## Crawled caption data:
============
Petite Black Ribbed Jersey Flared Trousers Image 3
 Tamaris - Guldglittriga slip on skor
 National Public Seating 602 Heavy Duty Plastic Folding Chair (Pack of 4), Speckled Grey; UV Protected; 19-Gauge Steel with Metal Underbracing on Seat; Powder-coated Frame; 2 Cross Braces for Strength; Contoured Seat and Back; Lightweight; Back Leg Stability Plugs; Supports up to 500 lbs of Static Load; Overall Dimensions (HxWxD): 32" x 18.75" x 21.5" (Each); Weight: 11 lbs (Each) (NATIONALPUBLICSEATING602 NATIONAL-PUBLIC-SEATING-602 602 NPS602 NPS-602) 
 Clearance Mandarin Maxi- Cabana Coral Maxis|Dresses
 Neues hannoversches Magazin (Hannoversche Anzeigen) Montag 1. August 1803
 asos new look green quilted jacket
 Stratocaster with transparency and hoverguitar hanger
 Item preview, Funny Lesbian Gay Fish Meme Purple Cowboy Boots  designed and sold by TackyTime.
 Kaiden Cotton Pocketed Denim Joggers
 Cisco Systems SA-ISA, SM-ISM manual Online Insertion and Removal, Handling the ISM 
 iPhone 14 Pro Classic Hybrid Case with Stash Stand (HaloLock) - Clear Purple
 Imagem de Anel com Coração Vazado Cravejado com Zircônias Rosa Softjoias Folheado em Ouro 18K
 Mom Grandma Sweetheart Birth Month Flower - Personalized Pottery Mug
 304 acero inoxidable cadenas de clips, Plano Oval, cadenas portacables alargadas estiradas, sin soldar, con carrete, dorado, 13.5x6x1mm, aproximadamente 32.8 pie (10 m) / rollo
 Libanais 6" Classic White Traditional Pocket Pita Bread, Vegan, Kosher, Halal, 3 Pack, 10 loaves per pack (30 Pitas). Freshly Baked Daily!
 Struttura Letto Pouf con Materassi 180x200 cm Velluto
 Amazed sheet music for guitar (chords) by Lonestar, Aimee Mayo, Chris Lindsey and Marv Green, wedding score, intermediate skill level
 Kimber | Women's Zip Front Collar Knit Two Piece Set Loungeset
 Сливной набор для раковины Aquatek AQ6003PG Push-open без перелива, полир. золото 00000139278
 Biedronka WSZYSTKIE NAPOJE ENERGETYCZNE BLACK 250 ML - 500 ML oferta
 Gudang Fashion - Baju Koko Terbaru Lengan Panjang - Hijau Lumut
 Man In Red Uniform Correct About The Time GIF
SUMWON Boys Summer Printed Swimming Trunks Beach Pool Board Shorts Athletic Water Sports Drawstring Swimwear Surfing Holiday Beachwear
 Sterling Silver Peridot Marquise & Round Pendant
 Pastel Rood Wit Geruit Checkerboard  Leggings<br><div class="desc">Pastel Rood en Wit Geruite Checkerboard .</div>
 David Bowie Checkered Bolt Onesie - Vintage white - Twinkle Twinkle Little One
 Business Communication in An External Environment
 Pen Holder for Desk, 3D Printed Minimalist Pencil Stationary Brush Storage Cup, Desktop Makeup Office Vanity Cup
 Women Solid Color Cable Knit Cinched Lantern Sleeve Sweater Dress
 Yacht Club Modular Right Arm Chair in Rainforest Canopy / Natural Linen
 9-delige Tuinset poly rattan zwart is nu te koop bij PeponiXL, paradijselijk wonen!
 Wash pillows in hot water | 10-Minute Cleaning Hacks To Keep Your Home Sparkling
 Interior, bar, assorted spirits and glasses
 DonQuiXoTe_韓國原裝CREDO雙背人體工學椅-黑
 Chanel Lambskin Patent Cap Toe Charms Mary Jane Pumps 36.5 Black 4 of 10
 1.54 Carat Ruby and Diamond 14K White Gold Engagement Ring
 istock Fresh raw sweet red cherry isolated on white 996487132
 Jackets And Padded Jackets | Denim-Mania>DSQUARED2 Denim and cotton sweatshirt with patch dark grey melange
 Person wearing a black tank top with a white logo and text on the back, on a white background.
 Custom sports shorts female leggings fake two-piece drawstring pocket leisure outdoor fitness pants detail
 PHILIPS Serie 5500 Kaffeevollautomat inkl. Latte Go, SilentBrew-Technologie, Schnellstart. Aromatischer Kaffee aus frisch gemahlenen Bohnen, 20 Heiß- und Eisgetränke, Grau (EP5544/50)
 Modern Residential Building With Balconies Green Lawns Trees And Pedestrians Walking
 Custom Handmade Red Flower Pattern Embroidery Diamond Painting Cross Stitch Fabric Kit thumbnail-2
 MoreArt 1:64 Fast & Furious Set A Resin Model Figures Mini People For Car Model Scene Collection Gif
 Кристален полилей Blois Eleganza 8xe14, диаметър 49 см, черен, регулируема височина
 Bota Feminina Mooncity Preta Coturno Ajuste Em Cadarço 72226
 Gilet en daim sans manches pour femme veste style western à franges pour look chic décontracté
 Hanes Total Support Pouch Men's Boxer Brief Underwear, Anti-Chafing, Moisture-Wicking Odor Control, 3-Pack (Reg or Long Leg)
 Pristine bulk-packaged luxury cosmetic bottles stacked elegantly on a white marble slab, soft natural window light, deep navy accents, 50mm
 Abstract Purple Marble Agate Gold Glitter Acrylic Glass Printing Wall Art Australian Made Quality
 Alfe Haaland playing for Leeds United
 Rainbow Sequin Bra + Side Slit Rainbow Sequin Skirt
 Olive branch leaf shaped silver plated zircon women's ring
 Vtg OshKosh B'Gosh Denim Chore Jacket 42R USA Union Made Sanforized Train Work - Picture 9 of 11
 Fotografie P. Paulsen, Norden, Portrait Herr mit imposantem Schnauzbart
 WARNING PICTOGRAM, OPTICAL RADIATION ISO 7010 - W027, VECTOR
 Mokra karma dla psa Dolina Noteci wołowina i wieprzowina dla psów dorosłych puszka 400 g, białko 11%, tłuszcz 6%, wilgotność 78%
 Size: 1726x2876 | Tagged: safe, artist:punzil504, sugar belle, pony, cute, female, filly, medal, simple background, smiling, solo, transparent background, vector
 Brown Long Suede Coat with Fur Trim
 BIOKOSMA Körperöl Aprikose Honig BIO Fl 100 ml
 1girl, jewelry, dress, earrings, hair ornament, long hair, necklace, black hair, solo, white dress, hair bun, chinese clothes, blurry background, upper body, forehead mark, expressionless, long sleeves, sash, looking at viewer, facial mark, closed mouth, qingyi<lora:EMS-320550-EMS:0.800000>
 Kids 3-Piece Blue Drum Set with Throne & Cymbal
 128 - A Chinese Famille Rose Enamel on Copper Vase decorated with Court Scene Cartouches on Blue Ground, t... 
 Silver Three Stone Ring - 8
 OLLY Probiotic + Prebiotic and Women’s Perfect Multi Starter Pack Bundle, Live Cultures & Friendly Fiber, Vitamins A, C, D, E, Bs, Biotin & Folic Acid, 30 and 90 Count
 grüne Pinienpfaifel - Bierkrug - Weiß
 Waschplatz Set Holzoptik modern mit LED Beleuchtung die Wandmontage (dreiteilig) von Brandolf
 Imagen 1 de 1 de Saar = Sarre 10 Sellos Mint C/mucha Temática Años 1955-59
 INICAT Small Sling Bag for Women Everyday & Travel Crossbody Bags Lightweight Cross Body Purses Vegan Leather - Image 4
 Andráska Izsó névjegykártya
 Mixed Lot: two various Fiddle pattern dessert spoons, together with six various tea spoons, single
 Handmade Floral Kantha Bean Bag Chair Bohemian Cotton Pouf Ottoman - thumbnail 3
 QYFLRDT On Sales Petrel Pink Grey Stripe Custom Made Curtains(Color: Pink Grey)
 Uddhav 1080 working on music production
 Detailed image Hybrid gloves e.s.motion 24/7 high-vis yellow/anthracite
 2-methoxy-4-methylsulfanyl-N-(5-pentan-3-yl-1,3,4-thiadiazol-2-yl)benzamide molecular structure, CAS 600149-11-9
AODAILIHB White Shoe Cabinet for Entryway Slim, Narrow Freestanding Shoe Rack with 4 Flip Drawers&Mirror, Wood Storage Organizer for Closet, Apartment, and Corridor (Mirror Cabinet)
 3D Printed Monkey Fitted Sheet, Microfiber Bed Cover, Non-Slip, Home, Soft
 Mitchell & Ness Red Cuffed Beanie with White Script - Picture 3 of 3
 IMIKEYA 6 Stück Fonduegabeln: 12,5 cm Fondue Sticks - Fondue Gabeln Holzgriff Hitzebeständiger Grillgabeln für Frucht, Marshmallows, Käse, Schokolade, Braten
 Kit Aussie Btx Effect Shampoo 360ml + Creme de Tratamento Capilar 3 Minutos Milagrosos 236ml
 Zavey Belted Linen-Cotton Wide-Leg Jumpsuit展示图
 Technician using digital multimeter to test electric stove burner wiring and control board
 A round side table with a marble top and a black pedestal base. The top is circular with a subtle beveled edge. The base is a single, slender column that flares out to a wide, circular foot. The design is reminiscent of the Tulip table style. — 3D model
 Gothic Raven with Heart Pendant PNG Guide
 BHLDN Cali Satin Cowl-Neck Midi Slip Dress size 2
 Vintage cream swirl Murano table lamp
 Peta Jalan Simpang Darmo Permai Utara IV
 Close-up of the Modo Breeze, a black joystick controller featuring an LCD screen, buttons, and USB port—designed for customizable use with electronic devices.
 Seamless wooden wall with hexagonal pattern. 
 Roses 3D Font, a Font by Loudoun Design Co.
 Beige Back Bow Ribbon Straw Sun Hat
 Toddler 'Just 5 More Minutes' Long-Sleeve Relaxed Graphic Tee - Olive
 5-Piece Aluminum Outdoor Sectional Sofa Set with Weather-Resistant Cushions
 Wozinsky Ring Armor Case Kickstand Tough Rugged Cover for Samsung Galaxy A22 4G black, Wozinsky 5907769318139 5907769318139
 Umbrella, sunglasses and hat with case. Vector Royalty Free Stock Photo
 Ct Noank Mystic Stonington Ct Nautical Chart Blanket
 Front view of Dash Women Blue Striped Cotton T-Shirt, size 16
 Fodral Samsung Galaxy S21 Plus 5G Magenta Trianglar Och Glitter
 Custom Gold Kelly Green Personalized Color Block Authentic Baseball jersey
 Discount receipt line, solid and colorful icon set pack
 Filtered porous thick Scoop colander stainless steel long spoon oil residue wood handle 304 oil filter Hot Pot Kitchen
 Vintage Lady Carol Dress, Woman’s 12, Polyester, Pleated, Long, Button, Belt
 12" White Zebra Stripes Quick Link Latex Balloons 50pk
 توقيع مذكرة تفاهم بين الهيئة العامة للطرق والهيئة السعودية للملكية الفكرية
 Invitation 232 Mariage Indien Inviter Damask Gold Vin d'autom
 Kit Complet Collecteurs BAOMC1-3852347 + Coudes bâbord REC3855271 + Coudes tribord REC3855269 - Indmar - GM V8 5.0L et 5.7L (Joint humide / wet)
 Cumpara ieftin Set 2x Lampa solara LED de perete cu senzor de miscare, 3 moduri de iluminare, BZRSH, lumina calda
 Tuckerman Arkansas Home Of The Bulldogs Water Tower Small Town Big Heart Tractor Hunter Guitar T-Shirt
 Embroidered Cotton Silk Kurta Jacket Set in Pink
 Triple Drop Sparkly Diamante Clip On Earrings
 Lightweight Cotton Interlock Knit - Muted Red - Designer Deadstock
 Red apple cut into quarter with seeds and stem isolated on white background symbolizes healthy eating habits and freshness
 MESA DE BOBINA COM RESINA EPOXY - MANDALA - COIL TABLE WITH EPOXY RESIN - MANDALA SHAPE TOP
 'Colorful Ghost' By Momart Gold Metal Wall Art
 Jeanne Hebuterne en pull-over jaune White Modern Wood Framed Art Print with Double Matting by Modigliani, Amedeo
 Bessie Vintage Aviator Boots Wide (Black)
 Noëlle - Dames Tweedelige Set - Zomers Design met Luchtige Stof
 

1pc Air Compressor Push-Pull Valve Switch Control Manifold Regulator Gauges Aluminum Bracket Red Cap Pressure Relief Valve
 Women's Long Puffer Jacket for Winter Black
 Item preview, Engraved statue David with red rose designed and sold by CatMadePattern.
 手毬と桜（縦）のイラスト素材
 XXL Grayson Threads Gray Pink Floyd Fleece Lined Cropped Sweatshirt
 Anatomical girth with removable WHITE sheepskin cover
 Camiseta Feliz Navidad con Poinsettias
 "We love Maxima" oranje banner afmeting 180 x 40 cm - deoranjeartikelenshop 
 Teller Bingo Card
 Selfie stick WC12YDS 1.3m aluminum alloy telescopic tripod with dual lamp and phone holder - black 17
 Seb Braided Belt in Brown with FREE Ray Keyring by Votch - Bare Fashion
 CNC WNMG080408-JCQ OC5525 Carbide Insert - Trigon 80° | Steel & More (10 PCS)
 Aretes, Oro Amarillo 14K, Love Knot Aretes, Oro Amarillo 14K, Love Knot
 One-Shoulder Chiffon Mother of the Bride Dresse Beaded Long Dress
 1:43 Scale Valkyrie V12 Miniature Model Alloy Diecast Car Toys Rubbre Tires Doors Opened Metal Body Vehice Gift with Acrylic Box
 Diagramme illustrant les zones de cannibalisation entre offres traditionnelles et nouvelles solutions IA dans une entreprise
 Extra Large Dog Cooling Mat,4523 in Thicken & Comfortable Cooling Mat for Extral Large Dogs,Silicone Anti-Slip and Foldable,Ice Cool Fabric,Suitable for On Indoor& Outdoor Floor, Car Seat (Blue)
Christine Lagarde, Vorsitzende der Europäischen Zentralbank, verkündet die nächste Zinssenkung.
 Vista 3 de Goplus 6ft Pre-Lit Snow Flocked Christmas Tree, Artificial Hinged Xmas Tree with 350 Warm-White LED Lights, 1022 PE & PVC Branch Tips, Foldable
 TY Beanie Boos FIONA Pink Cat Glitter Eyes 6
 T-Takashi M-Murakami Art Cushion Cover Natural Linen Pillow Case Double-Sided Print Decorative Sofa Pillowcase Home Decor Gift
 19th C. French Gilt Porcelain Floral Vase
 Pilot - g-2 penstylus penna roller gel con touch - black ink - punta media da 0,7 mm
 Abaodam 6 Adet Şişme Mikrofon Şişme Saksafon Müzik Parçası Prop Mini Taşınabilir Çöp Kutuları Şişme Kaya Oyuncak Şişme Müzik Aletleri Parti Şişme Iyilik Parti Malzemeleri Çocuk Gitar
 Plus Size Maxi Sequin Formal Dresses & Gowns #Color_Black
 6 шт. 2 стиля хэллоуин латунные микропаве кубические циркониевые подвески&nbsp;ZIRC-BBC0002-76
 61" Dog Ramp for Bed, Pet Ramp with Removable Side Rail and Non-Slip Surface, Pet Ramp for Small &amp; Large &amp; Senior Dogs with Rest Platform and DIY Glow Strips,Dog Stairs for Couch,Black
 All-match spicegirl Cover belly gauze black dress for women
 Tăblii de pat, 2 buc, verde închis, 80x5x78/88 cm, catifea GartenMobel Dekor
============
## TASK PROMPT:
Look above for the line with "Custom Handmade Red" and the line with "Gilet en daim". Retype those two lines and every line between them exactly, adding nothing.

## WRITTEN ANSWER:
 Custom Handmade Red Flower Pattern Embroidery Diamond Painting Cross Stitch Fabric Kit thumbnail-2
 MoreArt 1:64 Fast & Furious Set A Resin Model Figures Mini People For Car Model Scene Collection Gif
 Кристален полилей Blois Eleganza 8xe14, диаметър 49 см, черен, регулируема височина
 Bota Feminina Mooncity Preta Coturno Ajuste Em Cadarço 72226
 Gilet en daim sans manches pour femme veste style western à franges pour look chic décontracté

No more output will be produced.